How to remove combiner output and keep only reducer output in mapreduce final output


Hi i am running an application which reads records from HBase and writes into text files .

I have used combiner in my application and custom partitioner also. I have used 41 reducer in my application because i need to create 40 reducer output file that satisfies my condition in custom partitioner.

All working fine but when i use combiner in my application it creates map output file per regions or per mapper .

Foe example i have 40 regions in my application so 40 mapper getting initiated then it create 40 map-output files . But reducer is not able to combine all map-output and generate final reducer output file that will be 40 reducer output files.

Data in the files are correct but no of files has increased .

Any idea how can i get only reducer output files.

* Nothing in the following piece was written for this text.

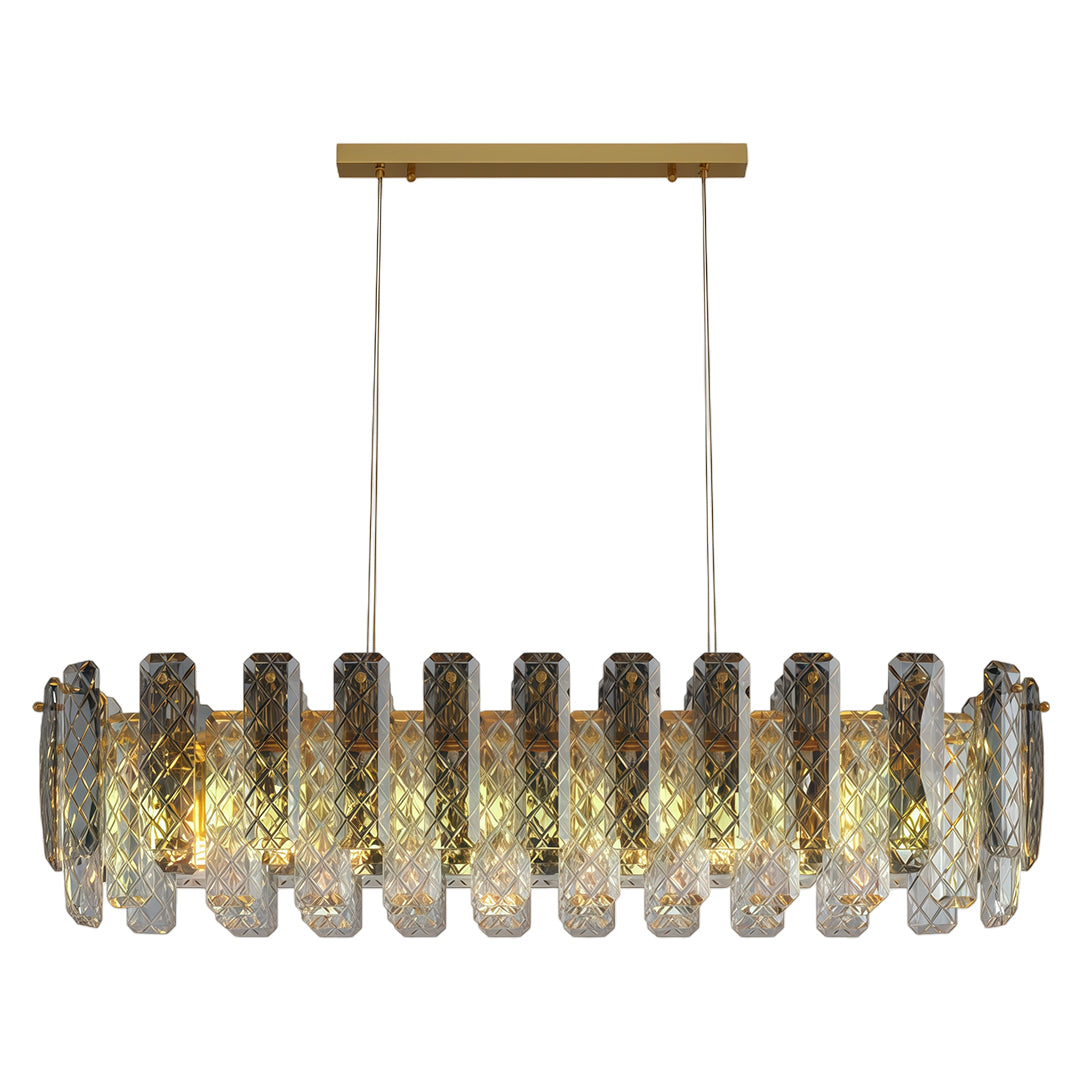 Contemporary Crystal Chandelier — Copper / Chrome / Black, Cut Crystal, Eye-Protecting, 47.2" Adjustable Chain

import java.io.IOException;
import org.apache.log4j.Logger;
import org.apache.hadoop.io.NullWritable;
import org.apache.hadoop.io.Text;
import org.apache.hadoop.mapreduce.Reducer;
import org.apache.hadoop.mapreduce.lib.output.MultipleOutputs;

public class CommonCombiner extends Reducer<NullWritable, Text, NullWritable, Text> {

    private Logger logger = Logger.getLogger(CommonCombiner.class);
    private MultipleOutputs<NullWritable, Text> multipleOutputs;
    String strName = "";
    private static final String DATA_SEPERATOR = "\\|\\!\\|";

    public void setup(Context context) {
        logger.info("Inside Combiner.");
        multipleOutputs = new MultipleOutputs<NullWritable, Text>(context);
    }

    @Override
    public void reduce(NullWritable Key, Iterable<Text> values, Context context)
            throws IOException, InterruptedException {

        for (Text value : values) {
            final String valueStr = value.toString();
            StringBuilder sb = new StringBuilder();
            if ("".equals(strName) && strName.length() == 0) {
                String[] strArrFileName = valueStr.split(DATA_SEPERATOR);
                String strFullFileName[] = strArrFileName[1].split("\\|\\^\\|");

                strName = strFullFileName[strFullFileName.length - 1];


                String strArrvalueStr[] = valueStr.split(DATA_SEPERATOR);
                if (!strArrvalueStr[0].contains(HbaseBulkLoadMapperConstants.FF_ACTION)) {
                    sb.append(strArrvalueStr[0] + "|!|");
                }
                multipleOutputs.write(NullWritable.get(), new Text(sb.toString()), strName);
                context.getCounter(Counters.FILE_DATA_COUNTER).increment(1);


            }

        }
    }


    public void cleanup(Context context) throws IOException, InterruptedException {
        multipleOutputs.close();
    }
}

Solution

  • You aren't outputting any data from your combiner for the reducer to work with. In your combiner you're using:

    multipleOutputs.write(NullWritable.get(), new Text(sb.toString()), strName);

    Which isn't how you write data out for use between stages, ie from a mapper or combiner to the reduce phase. You should be using:

    context.write()

    MultipleOutputs is just a way to write extra files to disk where you need more than one. I've never seen it used in a combiner.